Copied exactly and without pictures, the lines from the beginning of the entries through the one that holds "I Ginepri Hotel" should form the entire reply.

[Brief descriptive captions]
• • • •
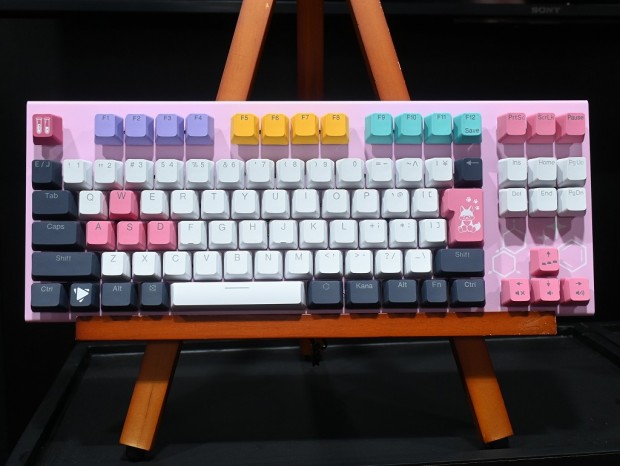 REALFORCE × hololive GX1 Plus Keyboard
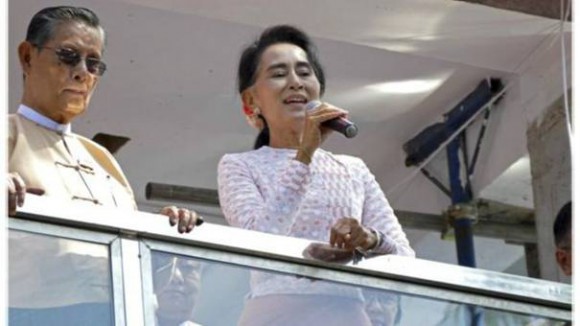 Bà Aung Sang Suu Kyi đã lãnh đạo đảng NLD tới thắng lợi “áp đảo” lịch sử tại cuộc bầu cử tự do 2015 ở Myanmar.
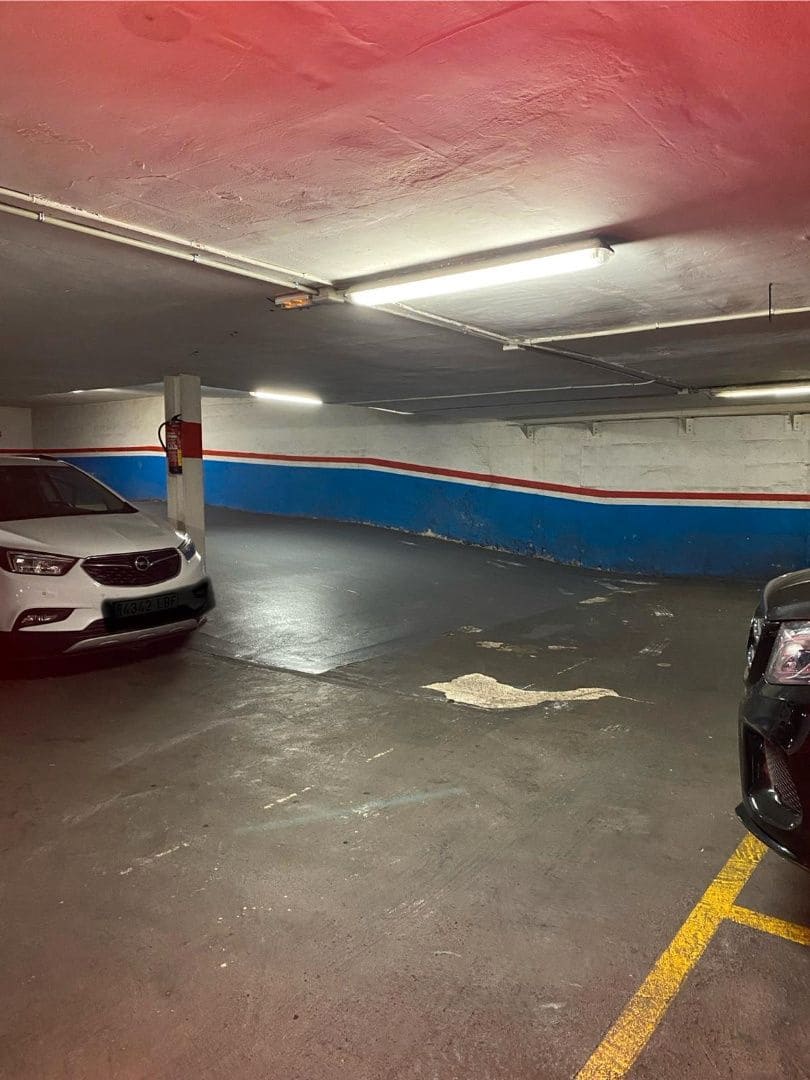 Garage till salu i Barcelona stad - 20 000 € (Ref: 9250637)
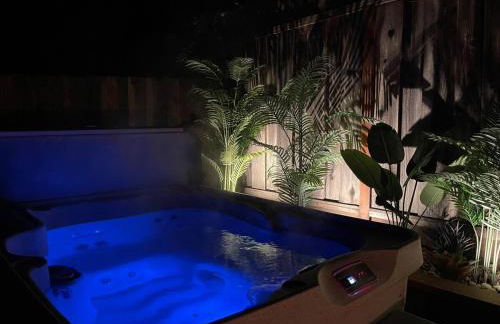 Redwood Grove - Hot Tub PS5 Redwood Park - Foto 1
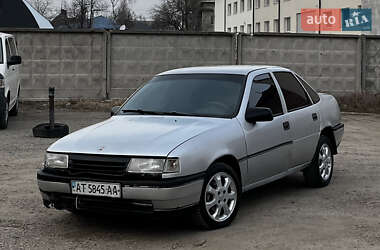 Седан Opel Vectra 1990 в Івано-Франківську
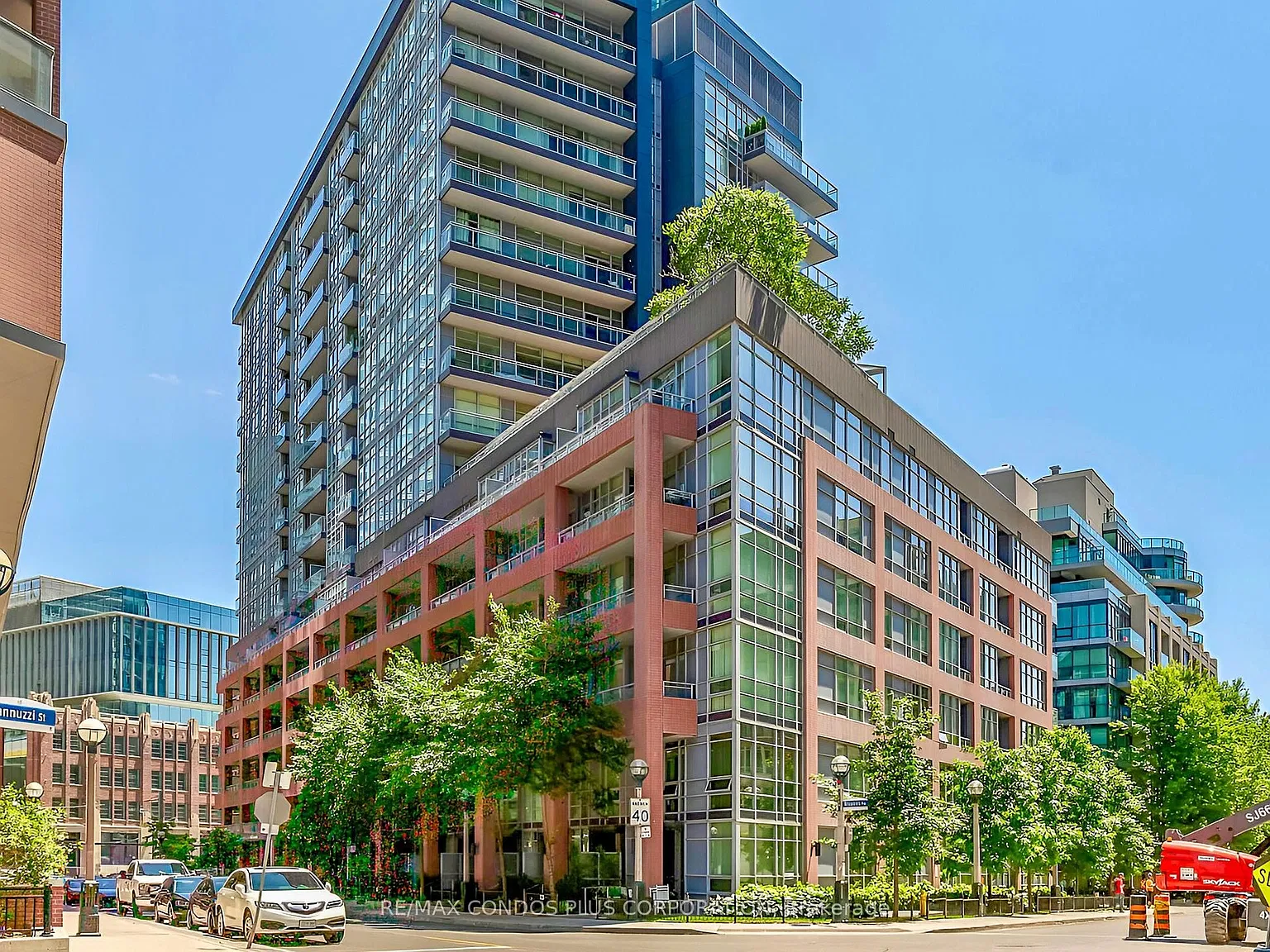 LTD Condos — Photo 3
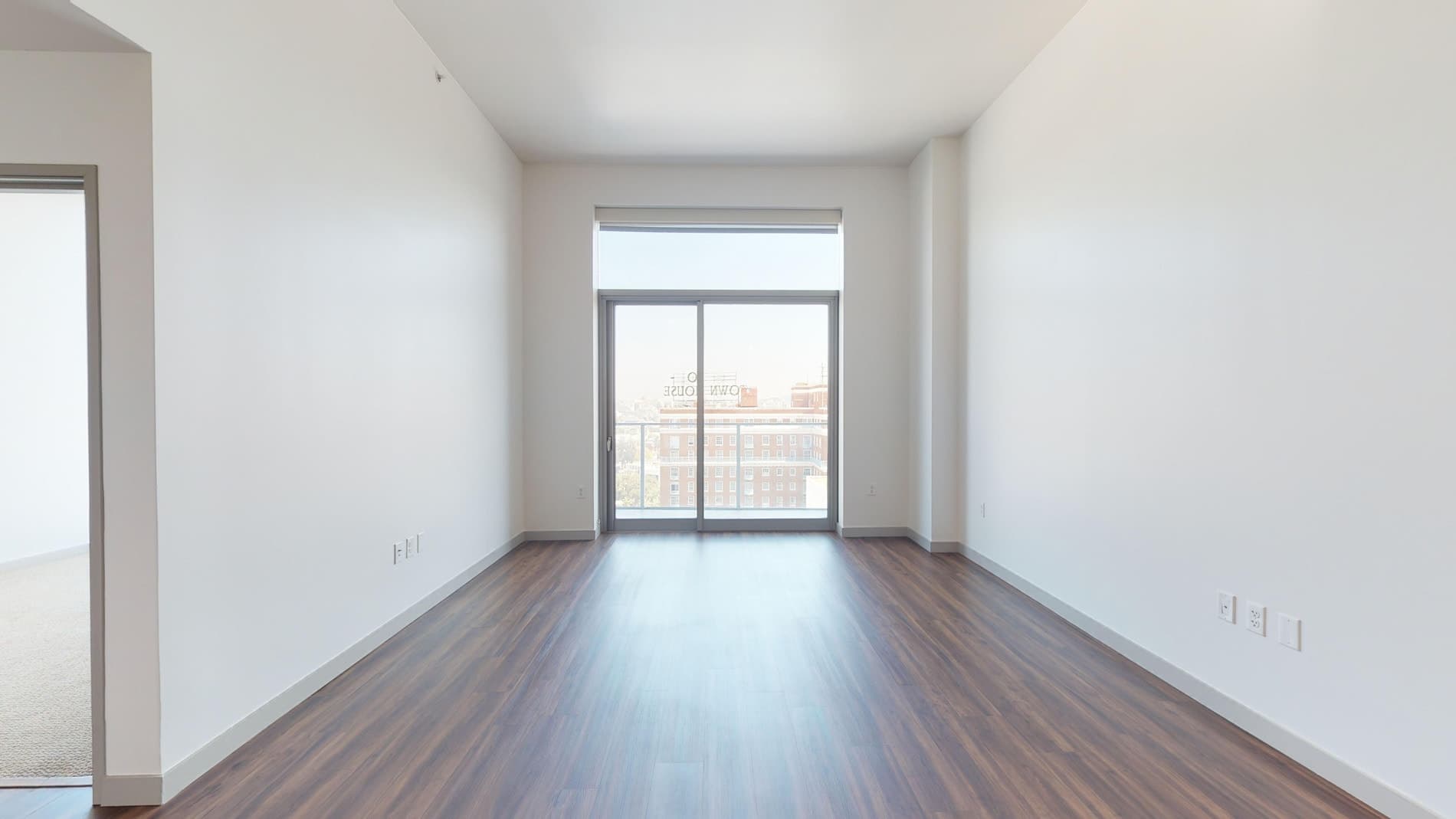 3033 Wilshire 2 of 5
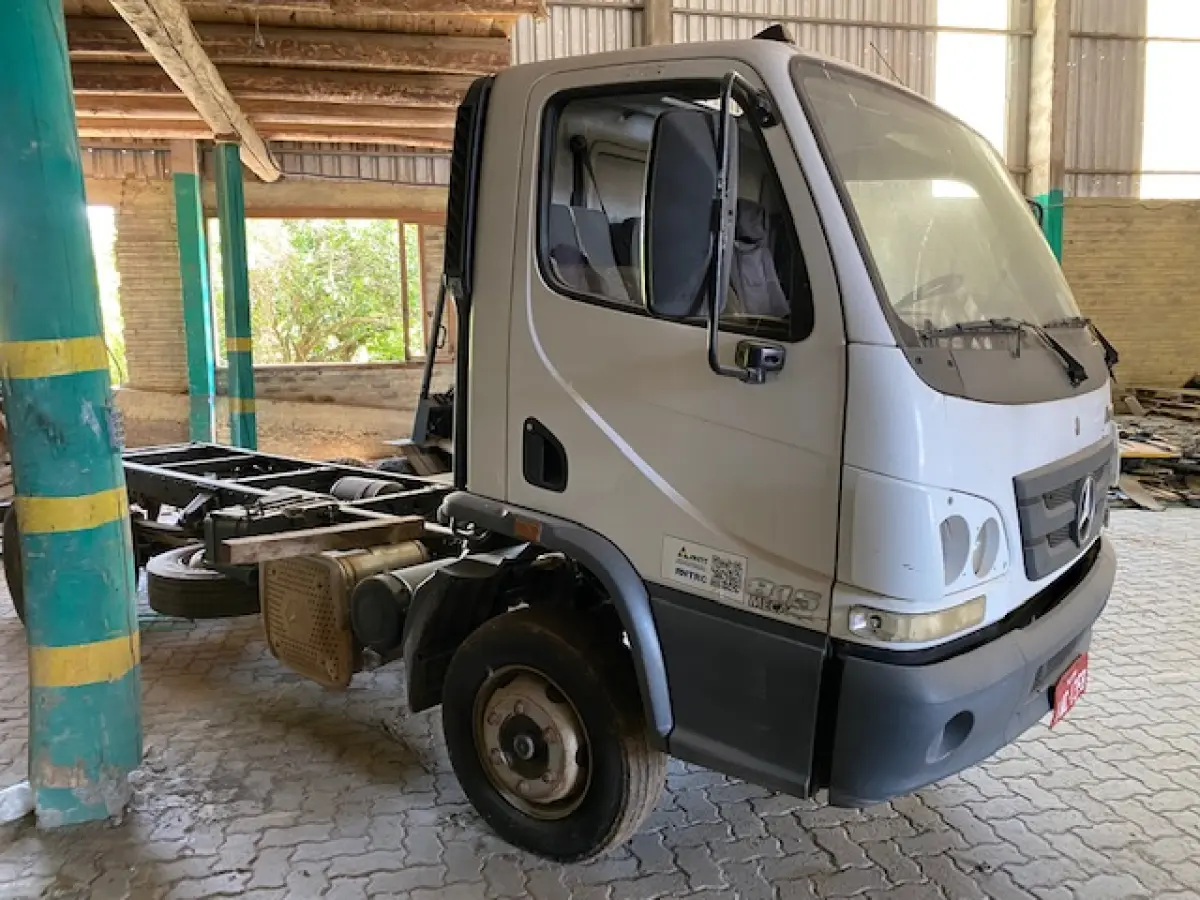 LOTE 002 - Lote de veículos englobados (caminhões e kombi)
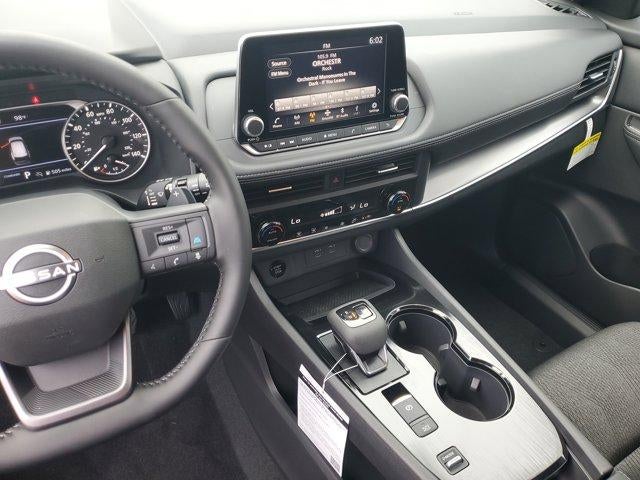 2026 Nissan Rogue FWD SV *Ltd Avail*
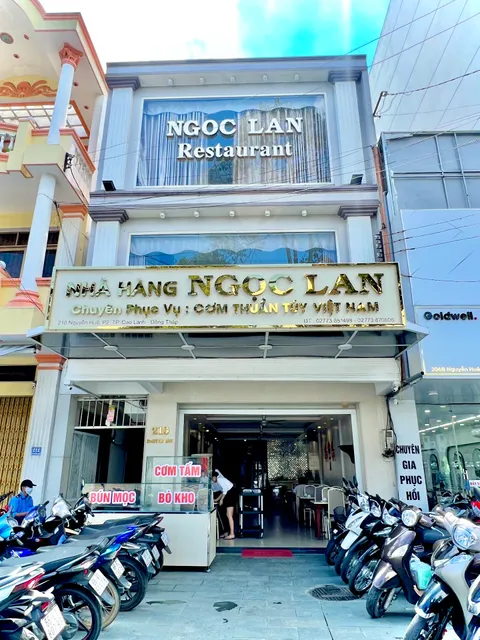 Ngọc Lan Restaurant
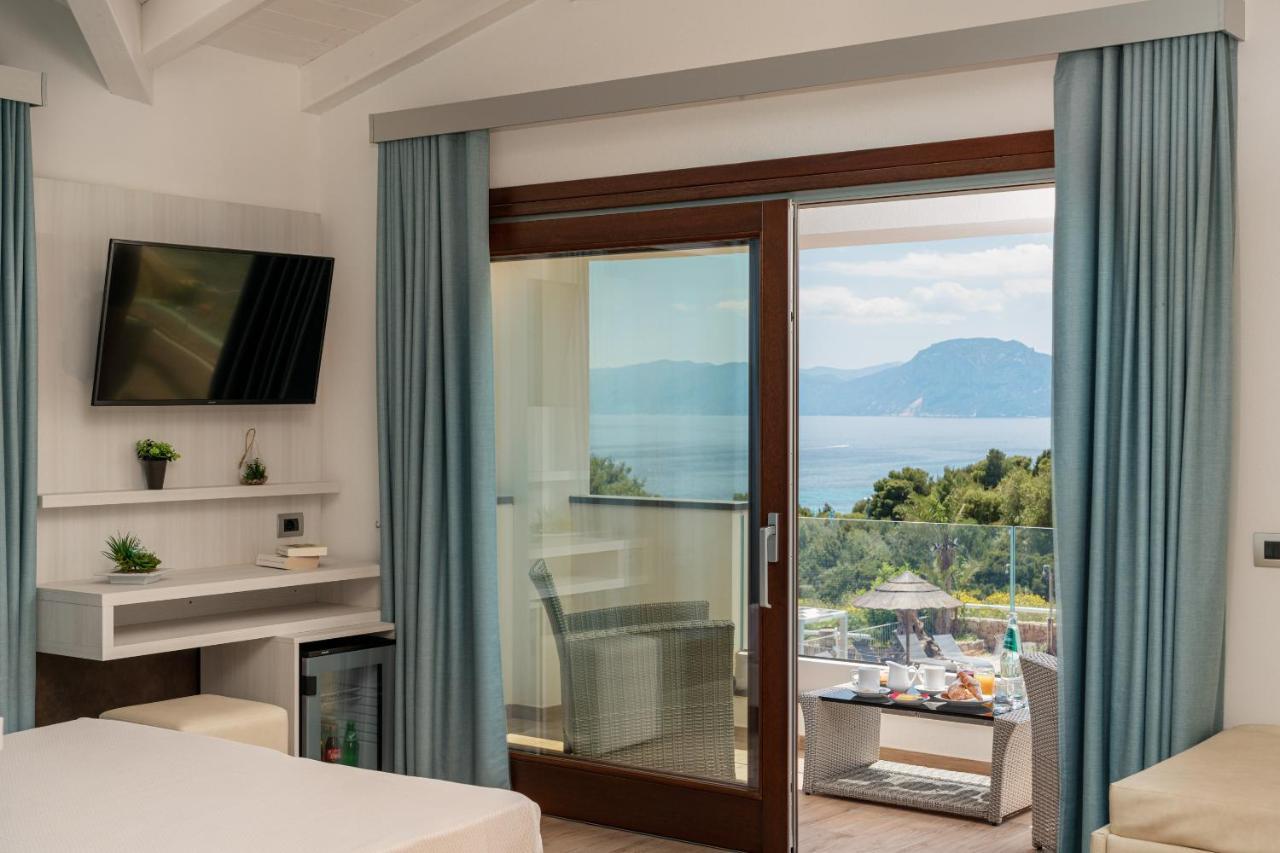 I Ginepri Hotel Cala Gonone Eksteriør billede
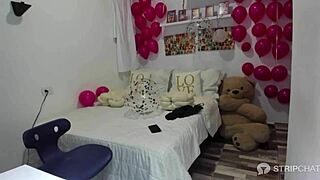 Big Tits Colombian Camgirl Fingers Her Hairless Pussy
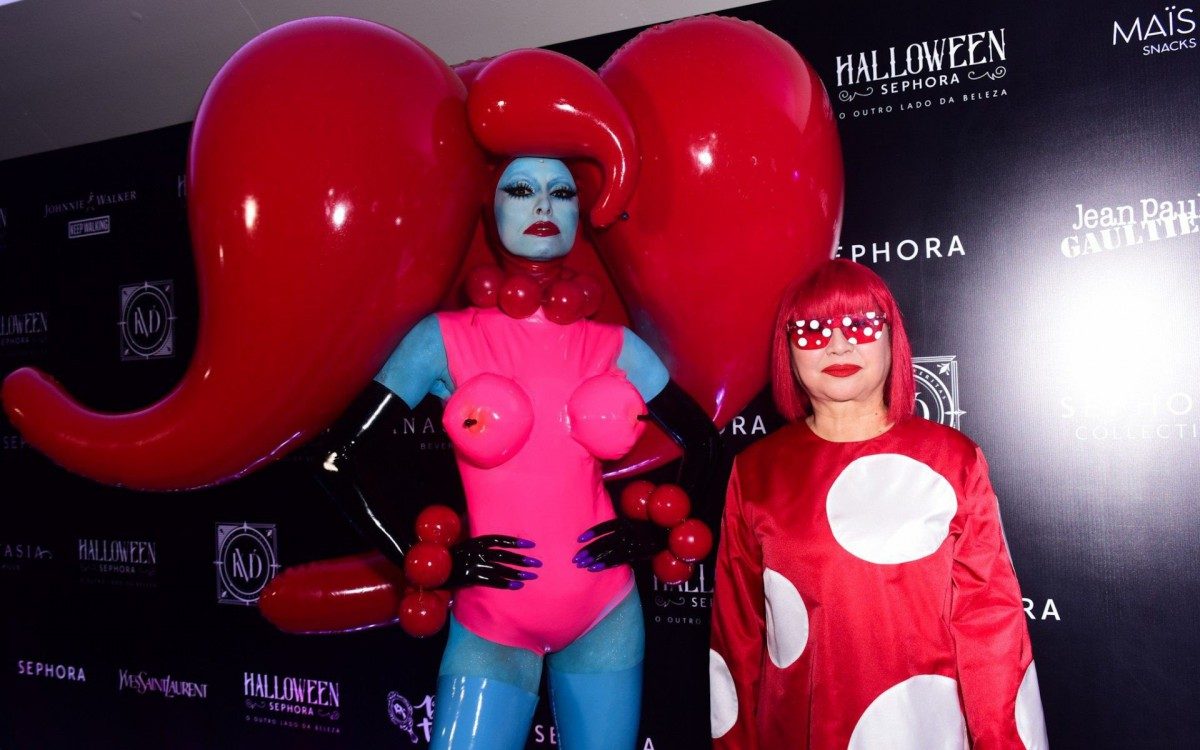 Sabrina Sato e a m&atilde;e, dona Kika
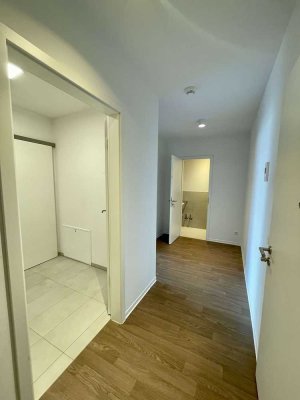 Attraktive Terrassenwohnung mit 2 Zimmern in Düsseldorf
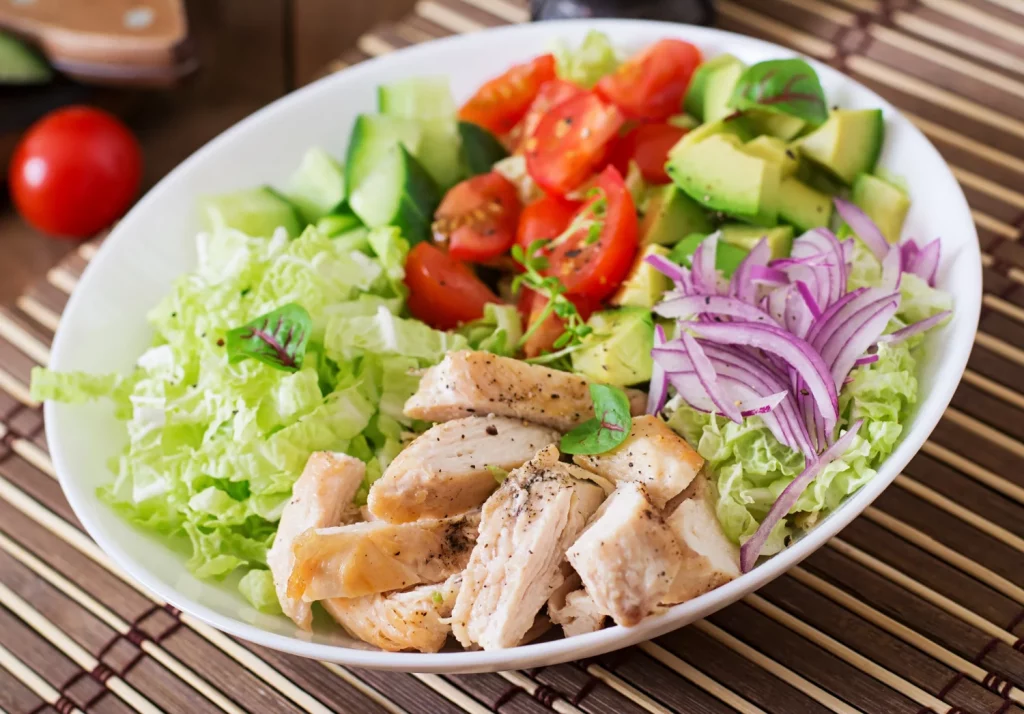 El alimento que nunca deberías cenar al volver de vacaciones: endocrino lo llama “bomba metabólica” 2 Moncloa La buena noticia es que existe la alternativa perfecta a ese alimento perjudicial, una solución que demuestra que cenar de forma saludable, rápida y deliciosa al volver de las vacaciones no solo es posible, sino también muy sencillo. Fuente: Freepik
• • • •
- **Written answer**:
 REALFORCE × hololive GX1 Plus Keyboard
 Bà Aung Sang Suu Kyi đã lãnh đạo đảng NLD tới thắng lợi “áp đảo” lịch sử tại cuộc bầu cử tự do 2015 ở Myanmar.
 Garage till salu i Barcelona stad - 20 000 € (Ref: 9250637)
 Redwood Grove - Hot Tub PS5 Redwood Park - Foto 1
 Седан Opel Vectra 1990 в Івано-Франківську
 LTD Condos — Photo 3
 3033 Wilshire 2 of 5
 LOTE 002 - Lote de veículos englobados (caminhões e kombi)
 2026 Nissan Rogue FWD SV *Ltd Avail*
 Ngọc Lan Restaurant
 I Ginepri Hotel Cala Gonone Eksteriør billede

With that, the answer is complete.